実は本作を見ながら、ずっとプレデターの魅力を――それこそエイリアンに並ぶムービーモンスターとなった理由を――考えていました。思うにそれはやはり、プレデターの持つ一種のフェアプレイ精神と、そこから生まれる隙――といってはおかしければ、対等な戦いのチャンスがもたらす、ゲーム性にあるのでしょう。
もちろん全てのプレデターがそれに当てはまるわけではありません。そもそもあれだけハイテク装備を持ち込んでフェアプレイもないもんだ、という気もいたします(プレデターの隙は、むしろその優位性からくるもの、といった方が適切なのかもしれません)。

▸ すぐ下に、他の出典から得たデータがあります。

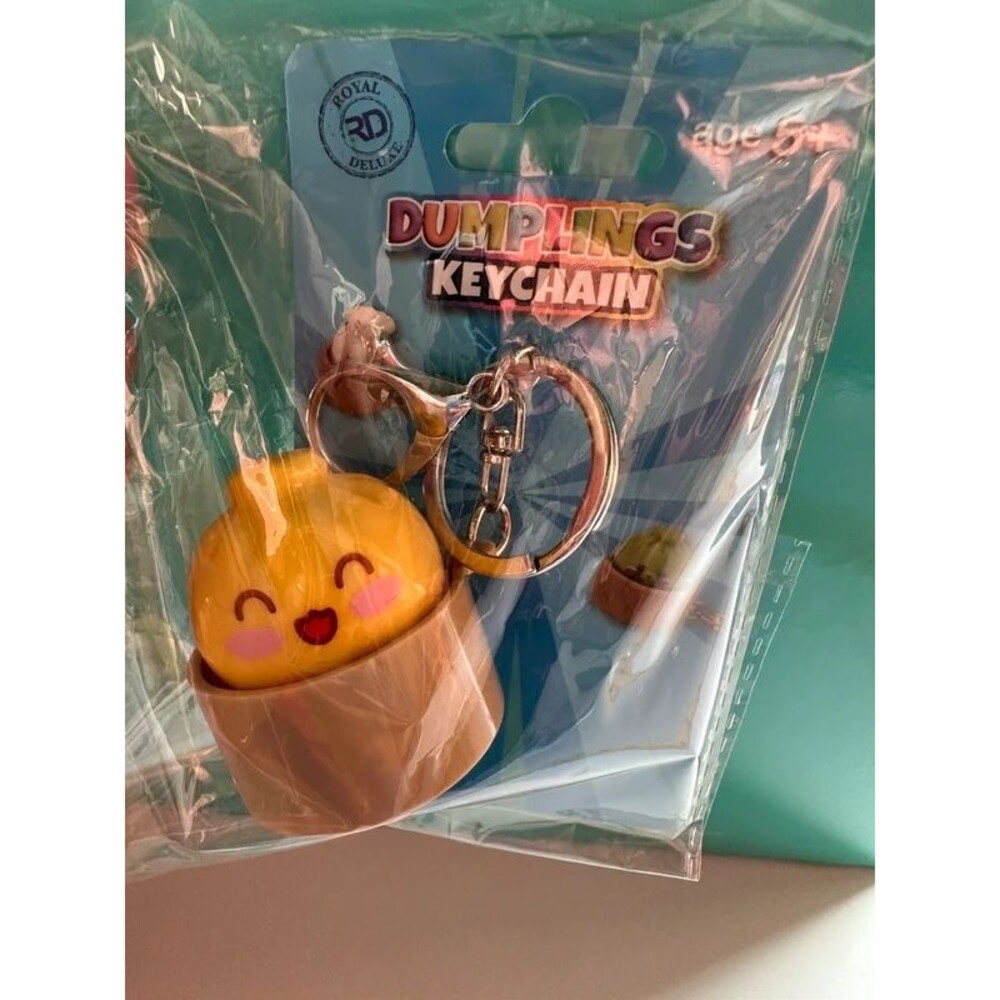 Dumplings Keychain - Yellow - TikTok Viral Mini Dumpling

その辺りは――本作では、異なるものといして描かれてはいたものの――本作にもう一つの敵役(そしてやられ役)として登場する、欧州からやってきたハンターたちの姿と重なる部分があるといえるかもしれません。
しかし本作は人間側のテクノロジーの未発達な過去――それも大自然(本作で描かれるそれは、実に印象的に美しいのですが)を舞台とすることによって、そしてその中で人間と良い意味で互角の死闘を演じることによって、そんなプレデターの魅力を、改めて鮮明に描いてみせたとも感じられます。

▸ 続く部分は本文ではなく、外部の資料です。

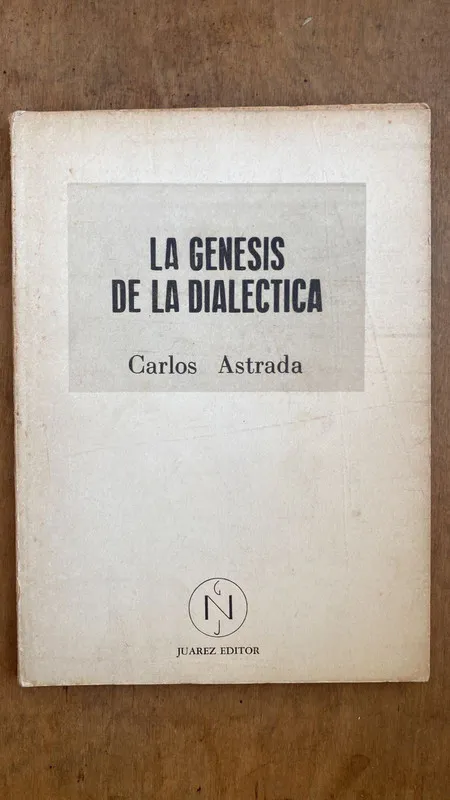 La Genesis de la Dialectica - Astrada, Carlos (C4)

もう一つ過去といえば、絶対絡んでくるであろうと思われたアレが、期待通りにきっちり絡んでくるのが嬉しいところなのですが――しかしこの辺り、ラストまで見ると、アレ? と首を傾げる点でもあります。
そこはエンドクレジットでヒントらしきものがあるわけですが――これがホラー映画のラストによくあるフリで終わらないよう、本作に続く物語にも、期待したくなってしまうのです。